> Task to complete
A faithful, word-for-word copy of the data below is required, without pictures.

> Recorded information
•••••

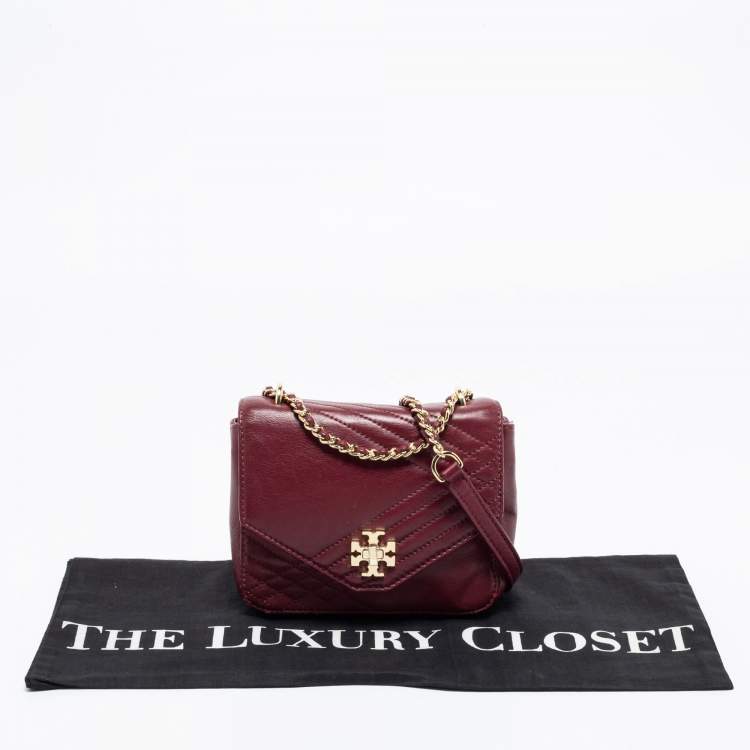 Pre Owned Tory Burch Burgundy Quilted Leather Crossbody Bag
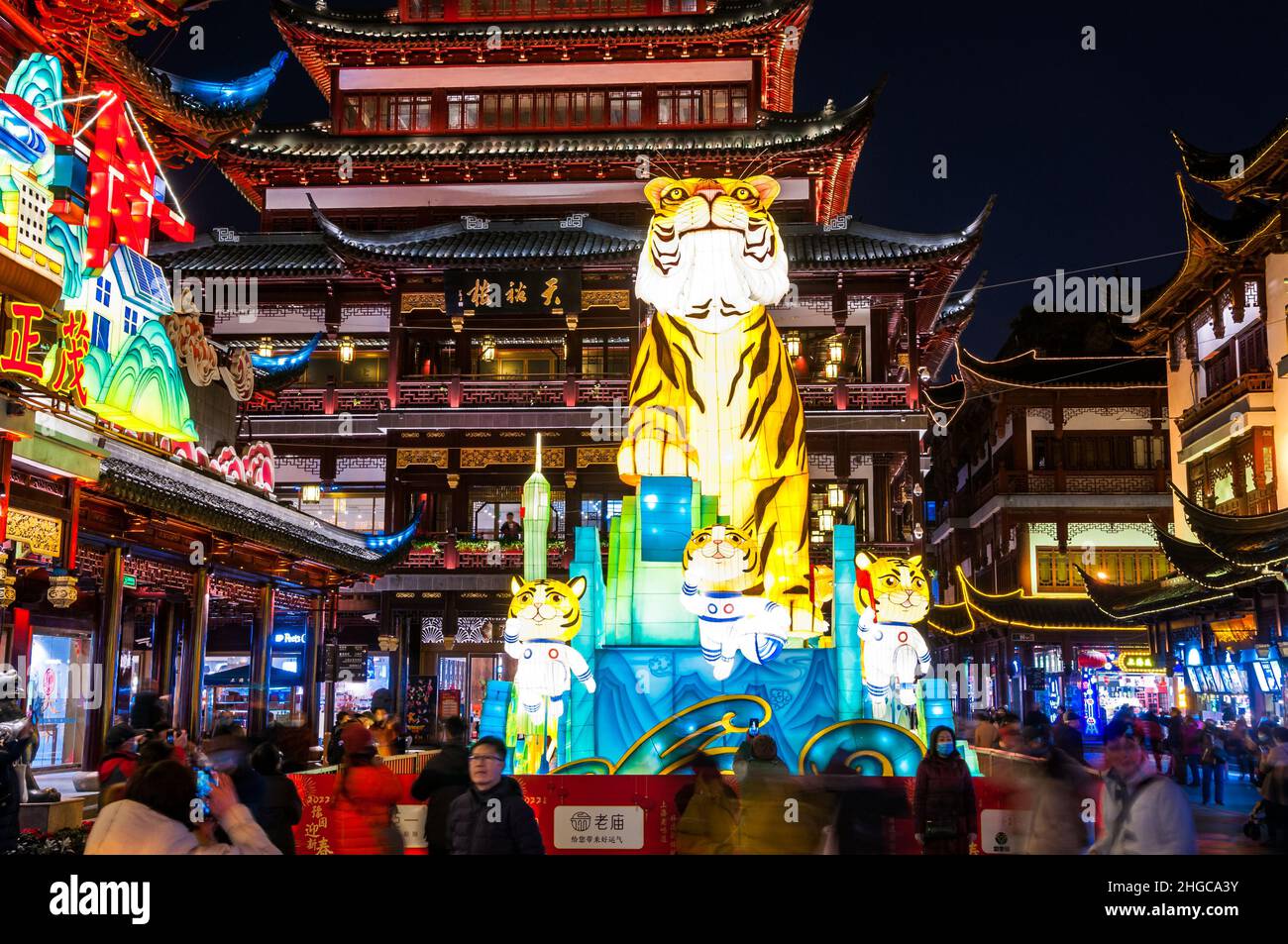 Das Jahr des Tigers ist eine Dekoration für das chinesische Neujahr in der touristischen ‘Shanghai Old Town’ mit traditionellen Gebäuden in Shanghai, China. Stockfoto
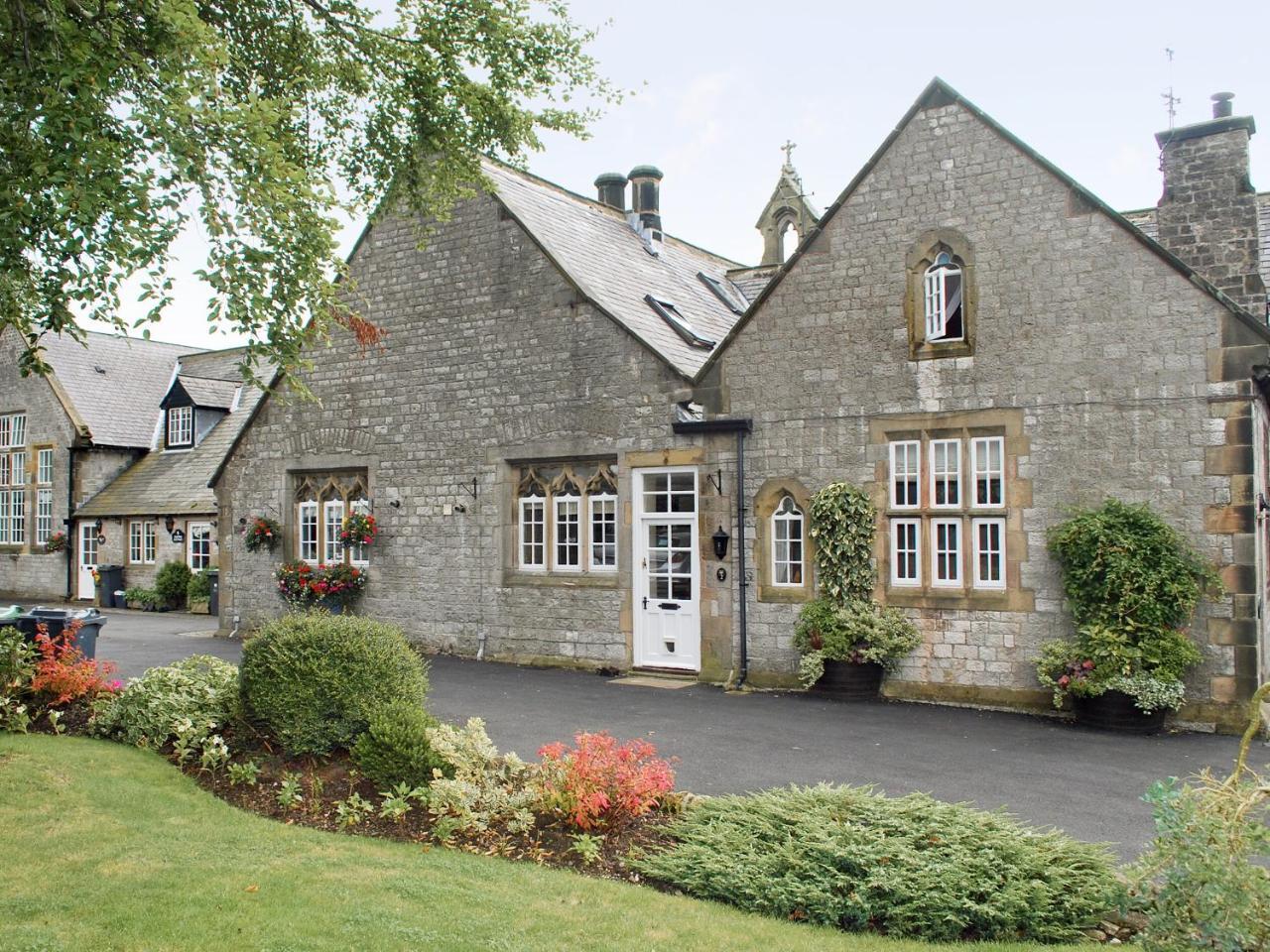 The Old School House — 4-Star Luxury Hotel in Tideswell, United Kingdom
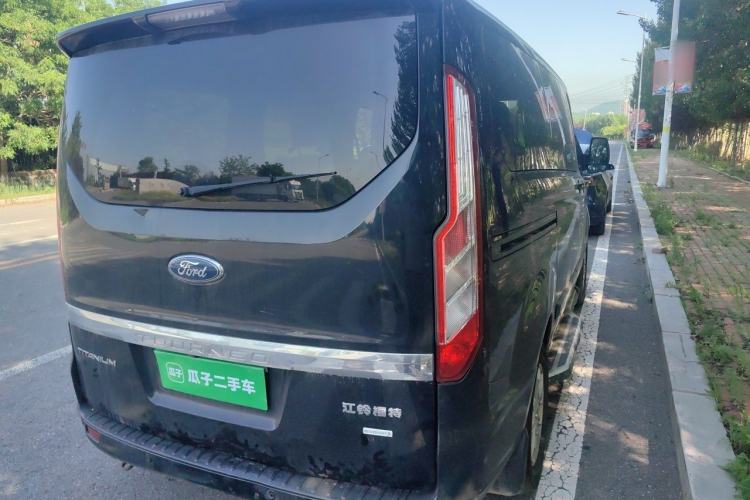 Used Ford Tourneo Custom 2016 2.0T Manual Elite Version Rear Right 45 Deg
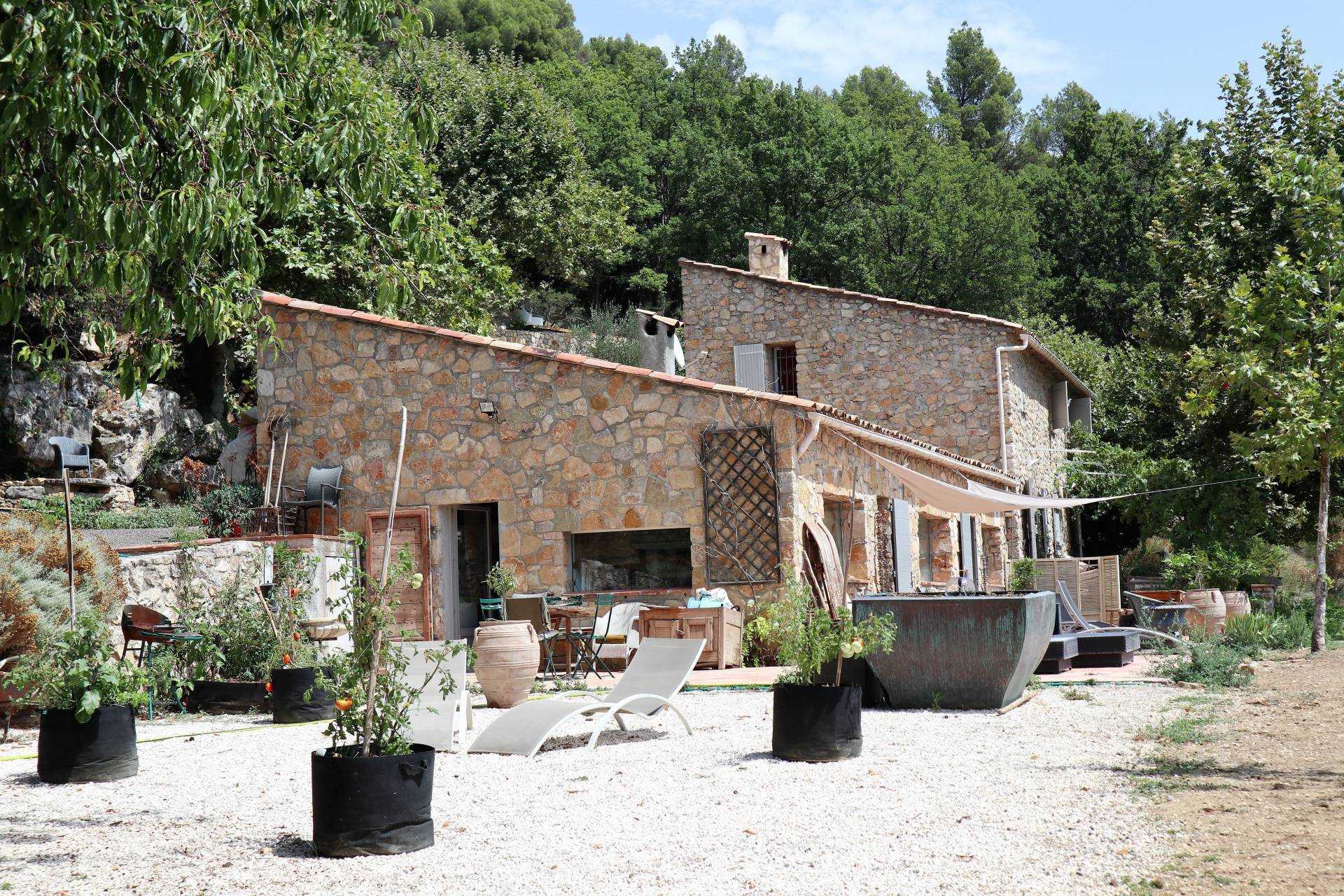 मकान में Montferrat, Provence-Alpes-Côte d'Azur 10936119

•••••

> Solution for this problem
 Pre Owned Tory Burch Burgundy Quilted Leather Crossbody Bag
 Das Jahr des Tigers ist eine Dekoration für das chinesische Neujahr in der touristischen ‘Shanghai Old Town’ mit traditionellen Gebäuden in Shanghai, China. Stockfoto
 The Old School House — 4-Star Luxury Hotel in Tideswell, United Kingdom
 Used Ford Tourneo Custom 2016 2.0T Manual Elite Version Rear Right 45 Deg
 मकान में Montferrat, Provence-Alpes-Côte d'Azur 10936119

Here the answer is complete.